── EXERCISE INPUT

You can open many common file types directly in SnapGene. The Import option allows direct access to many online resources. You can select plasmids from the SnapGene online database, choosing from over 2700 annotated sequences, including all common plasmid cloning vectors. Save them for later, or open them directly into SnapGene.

────
── EXERCISE INPUT

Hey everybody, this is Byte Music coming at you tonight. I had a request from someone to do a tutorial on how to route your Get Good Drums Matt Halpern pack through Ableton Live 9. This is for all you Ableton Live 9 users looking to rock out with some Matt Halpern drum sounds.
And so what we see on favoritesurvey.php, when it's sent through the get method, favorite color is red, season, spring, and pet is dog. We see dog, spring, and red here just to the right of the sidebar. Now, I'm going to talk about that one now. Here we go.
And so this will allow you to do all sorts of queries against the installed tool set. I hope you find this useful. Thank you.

────

* _TASK REQUIREMENTS_
Would you print exactly and only the lines of the material above that run from the line with "And so what" through the line with "And so this", both included?

* _OUTPUT OF THE EXERCISE_
And so what we see on favoritesurvey.php, when it's sent through the get method, favorite color is red, season, spring, and pet is dog. We see dog, spring, and red here just to the right of the sidebar. Now, I'm going to talk about that one now. Here we go.
And so this will allow you to do all sorts of queries against the installed tool set. I hope you find this useful. Thank you.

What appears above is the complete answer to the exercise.